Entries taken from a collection
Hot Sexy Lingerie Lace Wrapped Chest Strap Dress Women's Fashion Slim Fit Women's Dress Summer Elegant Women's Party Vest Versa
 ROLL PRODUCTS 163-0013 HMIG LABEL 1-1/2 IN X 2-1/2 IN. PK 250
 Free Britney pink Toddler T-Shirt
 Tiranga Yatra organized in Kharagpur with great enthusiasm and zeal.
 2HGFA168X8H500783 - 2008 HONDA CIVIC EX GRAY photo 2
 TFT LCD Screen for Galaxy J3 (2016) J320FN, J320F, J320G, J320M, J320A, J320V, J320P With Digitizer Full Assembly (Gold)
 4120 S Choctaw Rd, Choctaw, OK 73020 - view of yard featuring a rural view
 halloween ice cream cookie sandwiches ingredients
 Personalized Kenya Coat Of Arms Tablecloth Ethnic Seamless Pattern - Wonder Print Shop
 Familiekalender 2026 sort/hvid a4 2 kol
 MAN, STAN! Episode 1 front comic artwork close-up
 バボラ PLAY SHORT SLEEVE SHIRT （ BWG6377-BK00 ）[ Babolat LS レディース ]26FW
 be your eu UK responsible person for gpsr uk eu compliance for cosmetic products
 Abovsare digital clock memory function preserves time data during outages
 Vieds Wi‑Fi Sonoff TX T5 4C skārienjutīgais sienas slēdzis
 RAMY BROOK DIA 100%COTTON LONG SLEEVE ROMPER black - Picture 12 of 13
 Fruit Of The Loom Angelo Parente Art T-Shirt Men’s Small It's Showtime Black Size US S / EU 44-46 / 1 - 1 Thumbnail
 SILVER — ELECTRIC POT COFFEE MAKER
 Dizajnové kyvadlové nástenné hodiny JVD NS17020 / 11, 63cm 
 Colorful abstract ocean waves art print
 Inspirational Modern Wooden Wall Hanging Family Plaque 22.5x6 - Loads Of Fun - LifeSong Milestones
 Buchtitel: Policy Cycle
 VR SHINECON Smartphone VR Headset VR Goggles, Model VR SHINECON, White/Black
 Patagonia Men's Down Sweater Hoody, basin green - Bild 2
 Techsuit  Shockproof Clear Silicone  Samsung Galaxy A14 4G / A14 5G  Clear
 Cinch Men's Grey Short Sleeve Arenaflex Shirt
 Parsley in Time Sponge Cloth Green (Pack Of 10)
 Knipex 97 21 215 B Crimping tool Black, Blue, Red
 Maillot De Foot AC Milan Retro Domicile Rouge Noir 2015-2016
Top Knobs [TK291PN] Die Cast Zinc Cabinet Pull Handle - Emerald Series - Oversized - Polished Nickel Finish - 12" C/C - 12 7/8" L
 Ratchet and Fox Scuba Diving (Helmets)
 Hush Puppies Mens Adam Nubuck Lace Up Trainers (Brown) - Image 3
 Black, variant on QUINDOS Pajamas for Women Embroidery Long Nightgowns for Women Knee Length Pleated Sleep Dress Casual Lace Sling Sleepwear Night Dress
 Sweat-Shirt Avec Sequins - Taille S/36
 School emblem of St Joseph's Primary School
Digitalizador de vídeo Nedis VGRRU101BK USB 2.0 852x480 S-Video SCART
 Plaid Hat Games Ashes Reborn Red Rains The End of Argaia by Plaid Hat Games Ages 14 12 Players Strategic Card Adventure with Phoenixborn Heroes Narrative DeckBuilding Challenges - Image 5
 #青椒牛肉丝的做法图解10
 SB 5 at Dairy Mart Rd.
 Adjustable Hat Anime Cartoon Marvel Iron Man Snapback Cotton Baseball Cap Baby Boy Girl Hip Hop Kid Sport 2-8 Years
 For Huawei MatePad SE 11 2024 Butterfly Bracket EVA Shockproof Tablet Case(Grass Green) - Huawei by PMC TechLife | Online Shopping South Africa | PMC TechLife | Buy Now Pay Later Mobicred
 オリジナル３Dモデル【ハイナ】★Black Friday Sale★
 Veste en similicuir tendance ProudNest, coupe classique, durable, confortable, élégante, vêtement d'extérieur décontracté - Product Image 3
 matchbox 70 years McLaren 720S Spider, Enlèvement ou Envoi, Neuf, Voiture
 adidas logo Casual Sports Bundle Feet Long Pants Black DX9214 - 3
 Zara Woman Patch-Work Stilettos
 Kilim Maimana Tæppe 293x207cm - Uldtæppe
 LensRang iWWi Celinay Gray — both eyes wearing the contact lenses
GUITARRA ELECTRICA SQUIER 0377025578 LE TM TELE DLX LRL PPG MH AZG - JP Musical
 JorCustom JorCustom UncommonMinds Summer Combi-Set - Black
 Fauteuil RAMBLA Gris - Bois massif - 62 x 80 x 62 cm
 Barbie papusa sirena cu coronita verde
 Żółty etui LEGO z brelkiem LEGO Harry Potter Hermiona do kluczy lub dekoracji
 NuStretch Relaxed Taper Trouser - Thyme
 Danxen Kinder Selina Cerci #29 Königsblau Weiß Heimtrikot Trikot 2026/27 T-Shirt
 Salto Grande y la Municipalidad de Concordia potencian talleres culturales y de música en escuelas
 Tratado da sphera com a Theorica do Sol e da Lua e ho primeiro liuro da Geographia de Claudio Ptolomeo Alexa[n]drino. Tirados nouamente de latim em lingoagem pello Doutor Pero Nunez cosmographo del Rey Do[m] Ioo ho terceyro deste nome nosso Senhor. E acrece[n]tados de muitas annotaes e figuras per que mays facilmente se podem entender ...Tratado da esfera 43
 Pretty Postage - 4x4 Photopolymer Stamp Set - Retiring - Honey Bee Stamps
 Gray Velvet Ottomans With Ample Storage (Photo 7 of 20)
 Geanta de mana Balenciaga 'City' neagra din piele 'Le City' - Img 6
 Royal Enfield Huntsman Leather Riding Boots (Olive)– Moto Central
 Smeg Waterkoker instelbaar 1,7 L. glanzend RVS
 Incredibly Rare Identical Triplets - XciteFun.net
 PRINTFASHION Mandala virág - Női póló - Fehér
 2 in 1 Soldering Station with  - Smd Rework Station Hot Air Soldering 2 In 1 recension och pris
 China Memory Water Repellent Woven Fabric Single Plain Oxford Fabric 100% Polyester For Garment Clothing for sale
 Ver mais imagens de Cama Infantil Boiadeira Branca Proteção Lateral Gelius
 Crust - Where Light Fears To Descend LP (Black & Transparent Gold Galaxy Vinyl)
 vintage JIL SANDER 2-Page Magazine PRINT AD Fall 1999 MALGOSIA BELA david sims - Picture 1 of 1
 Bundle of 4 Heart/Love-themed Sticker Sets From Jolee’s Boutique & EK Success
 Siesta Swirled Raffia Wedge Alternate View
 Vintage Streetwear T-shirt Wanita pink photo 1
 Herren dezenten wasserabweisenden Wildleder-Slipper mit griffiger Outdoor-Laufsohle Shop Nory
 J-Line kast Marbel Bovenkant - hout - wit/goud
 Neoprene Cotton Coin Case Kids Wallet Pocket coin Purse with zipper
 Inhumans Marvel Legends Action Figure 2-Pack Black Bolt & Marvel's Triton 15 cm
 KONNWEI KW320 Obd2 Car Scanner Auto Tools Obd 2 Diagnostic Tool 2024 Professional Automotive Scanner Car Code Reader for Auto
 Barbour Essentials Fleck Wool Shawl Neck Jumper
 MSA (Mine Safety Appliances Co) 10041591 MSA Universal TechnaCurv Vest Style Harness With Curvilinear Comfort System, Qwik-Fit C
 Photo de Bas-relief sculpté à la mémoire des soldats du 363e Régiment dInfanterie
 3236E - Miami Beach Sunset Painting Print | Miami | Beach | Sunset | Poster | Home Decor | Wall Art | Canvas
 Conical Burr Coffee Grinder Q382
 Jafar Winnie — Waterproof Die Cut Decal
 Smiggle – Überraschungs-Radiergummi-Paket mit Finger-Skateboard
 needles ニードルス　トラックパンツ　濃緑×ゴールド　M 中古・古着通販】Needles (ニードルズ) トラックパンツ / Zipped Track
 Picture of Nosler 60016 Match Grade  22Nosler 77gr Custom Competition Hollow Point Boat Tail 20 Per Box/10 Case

## Task objective
What you return should be the lines from the beginning of the records through the one that contains "be your eu UK", repeated exactly and with no additions.

## Answer to this problem
Hot Sexy Lingerie Lace Wrapped Chest Strap Dress Women's Fashion Slim Fit Women's Dress Summer Elegant Women's Party Vest Versa
 ROLL PRODUCTS 163-0013 HMIG LABEL 1-1/2 IN X 2-1/2 IN. PK 250
 Free Britney pink Toddler T-Shirt
 Tiranga Yatra organized in Kharagpur with great enthusiasm and zeal.
 2HGFA168X8H500783 - 2008 HONDA CIVIC EX GRAY photo 2
 TFT LCD Screen for Galaxy J3 (2016) J320FN, J320F, J320G, J320M, J320A, J320V, J320P With Digitizer Full Assembly (Gold)
 4120 S Choctaw Rd, Choctaw, OK 73020 - view of yard featuring a rural view
 halloween ice cream cookie sandwiches ingredients
 Personalized Kenya Coat Of Arms Tablecloth Ethnic Seamless Pattern - Wonder Print Shop
 Familiekalender 2026 sort/hvid a4 2 kol
 MAN, STAN! Episode 1 front comic artwork close-up
 バボラ PLAY SHORT SLEEVE SHIRT （ BWG6377-BK00 ）[ Babolat LS レディース ]26FW
 be your eu UK responsible person for gpsr uk eu compliance for cosmetic products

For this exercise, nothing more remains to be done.